Your instructions: Once the line with "Digital File Management" has been located in the records below, set down that line and all subsequent lines exactly, omitting the pictures.
+++ Records supplied +++
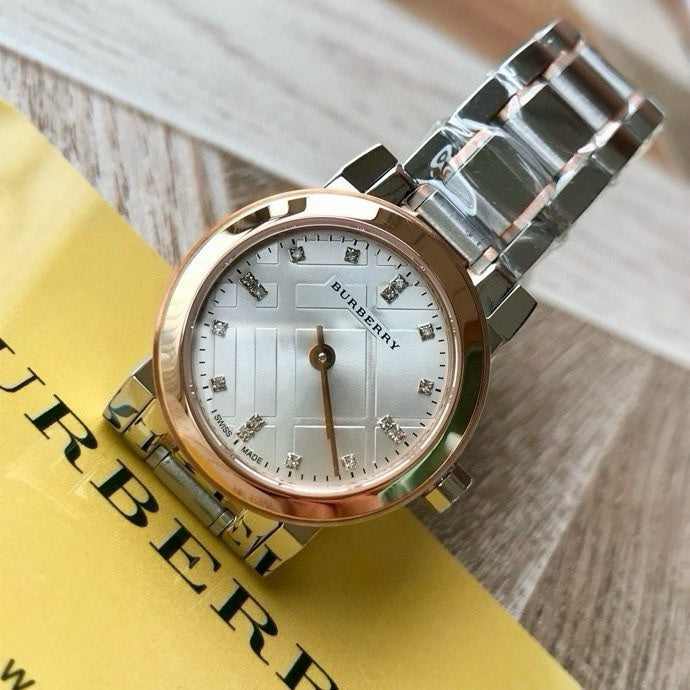 BUR Two-Tone Check Dial Women's Bracelet Watch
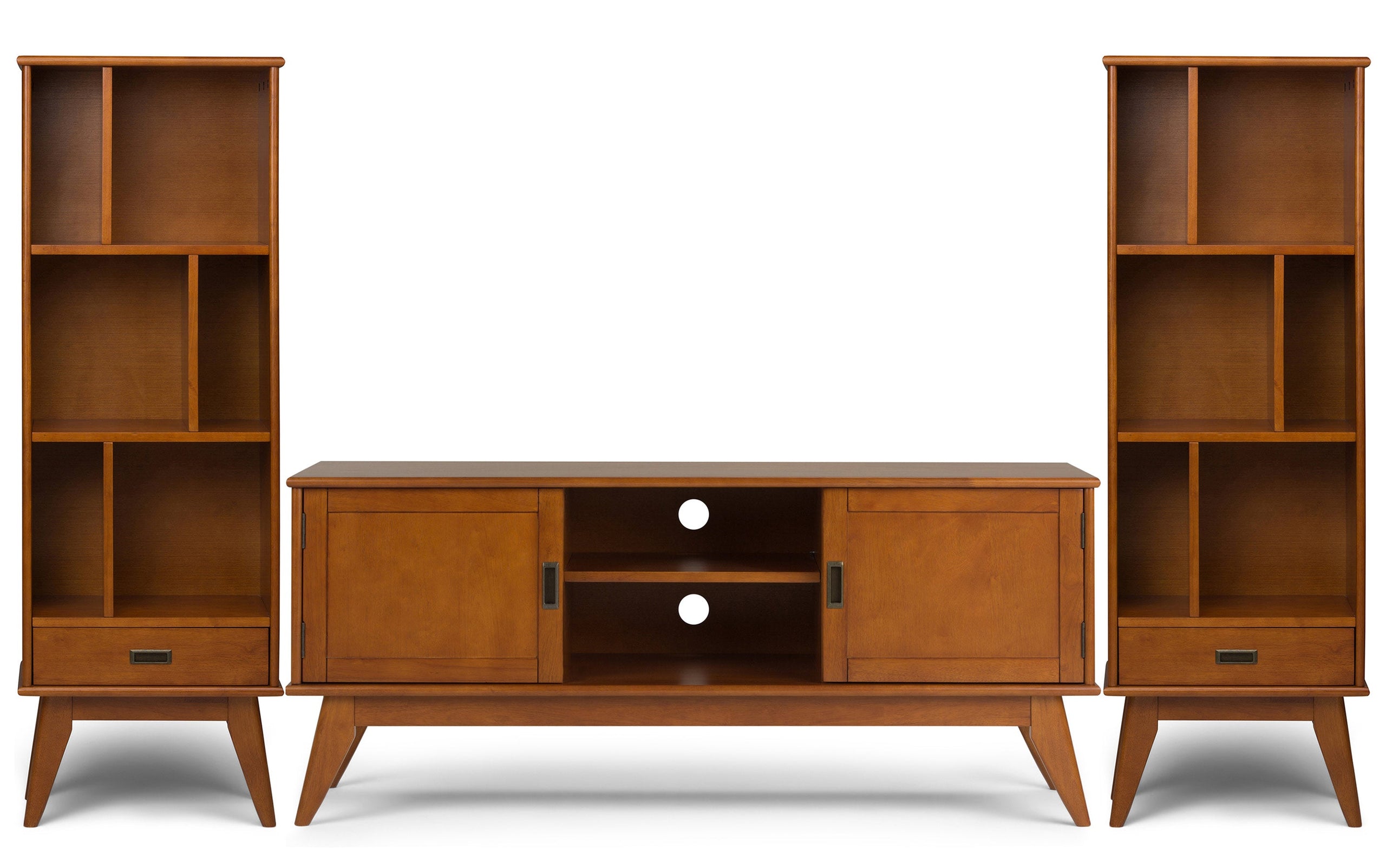 Teak Brown | Draper 60W TV Stand with Set of Two 22W Cubbie Bookcases w/ Drawer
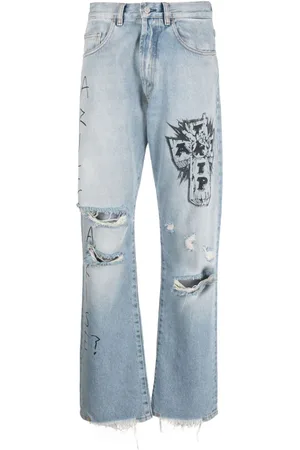 ARIES Jeans med slitageeffekt og brede ben
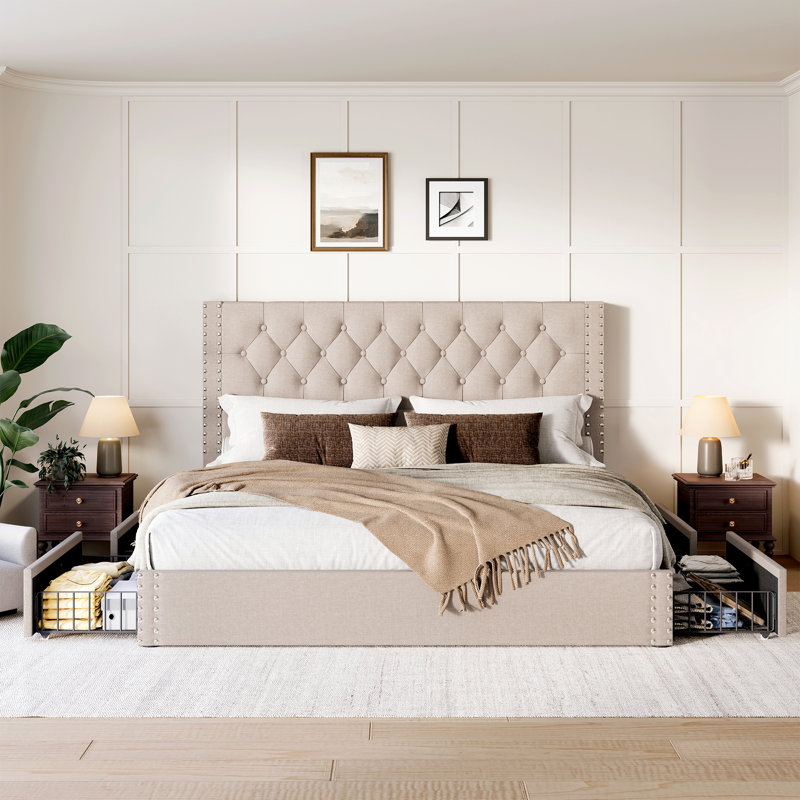 Upholstered Platform Bed With Storage Drawers, Beige, King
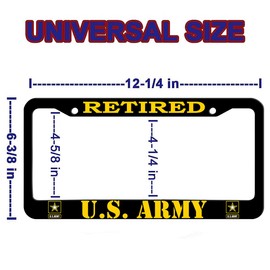 2 PCS for Retired US Army License Plate Frames,Matte Black Aluminum License Plate Holder for License Plate Protection with Screw Set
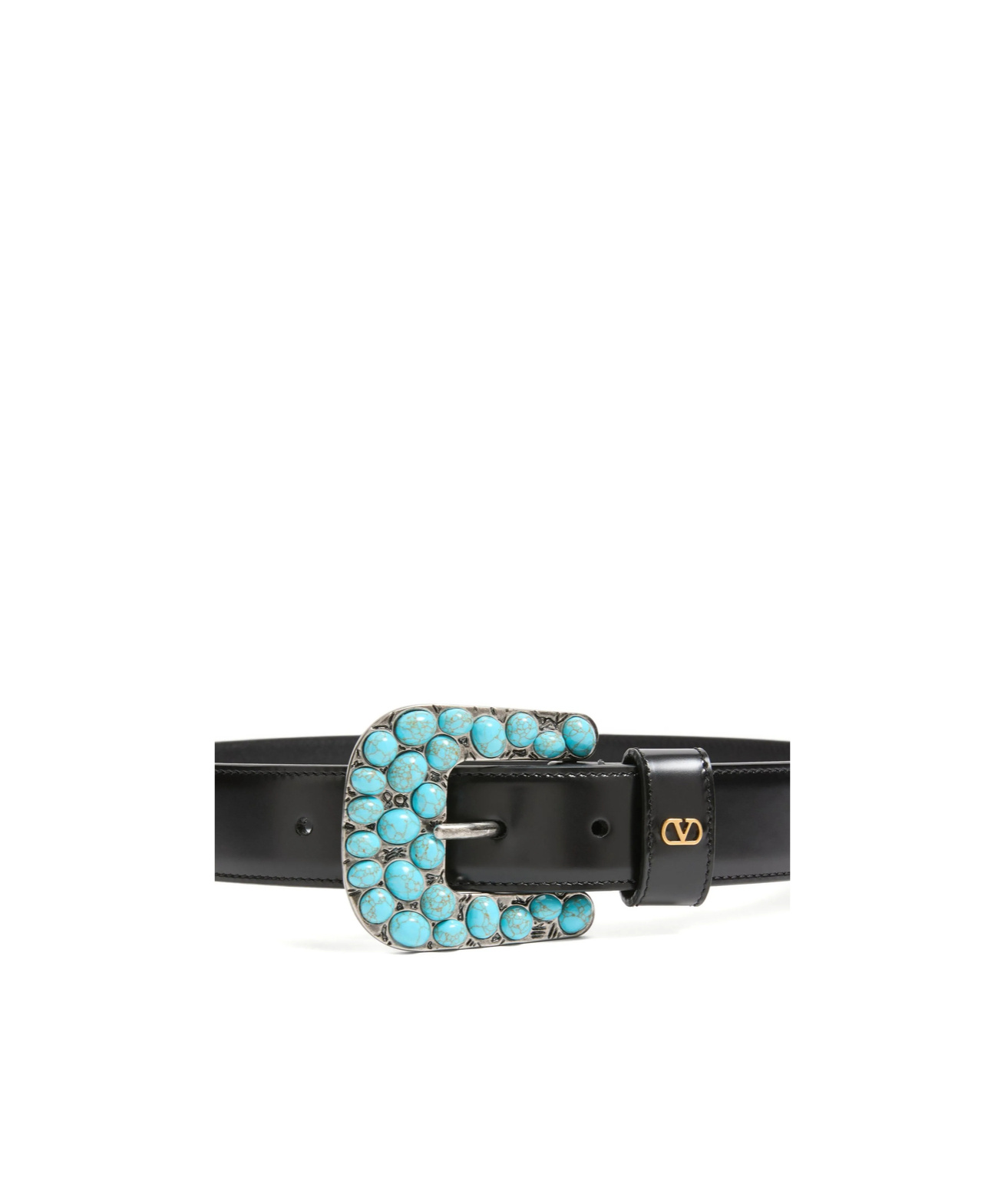 Valentino Logo Belt In Black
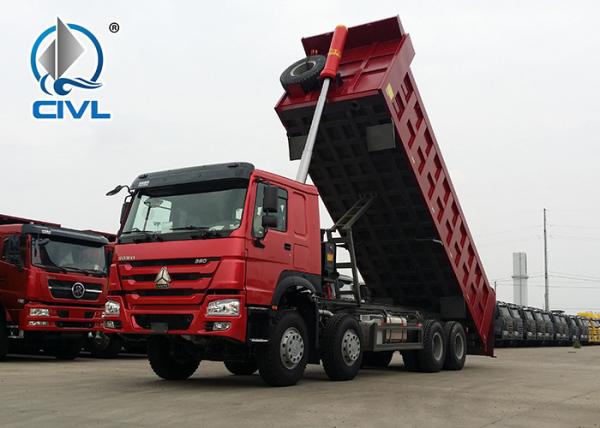 50T Heavy Duty Dump Truck SINOTRUK HOWO A7 DUMP TRUCK 8x4 With Front Lifting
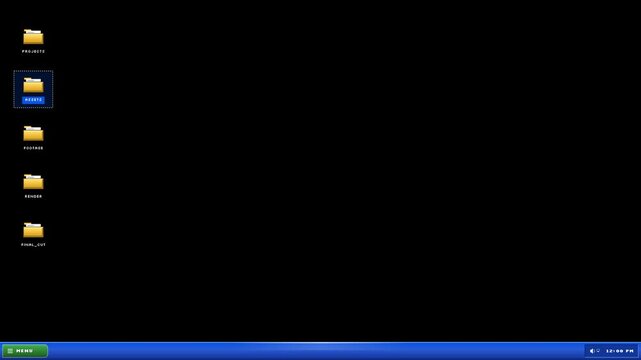 Digital File Management Interface | Animated Folder Icons on Black Background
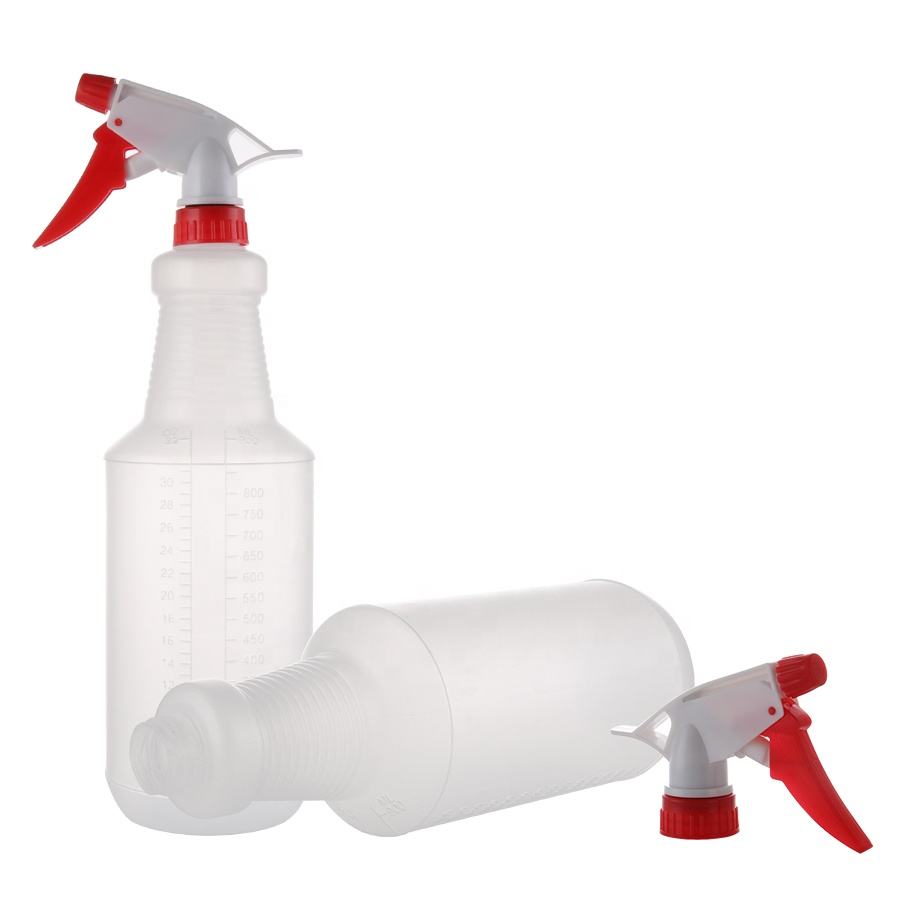 Empty Natural Color 32oz HDPE Trigger Spray Bottle with 28/400 Trigger Spray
+++
Solution below:
 Digital File Management Interface | Animated Folder Icons on Black Background
 Empty Natural Color 32oz HDPE Trigger Spray Bottle with 28/400 Trigger Spray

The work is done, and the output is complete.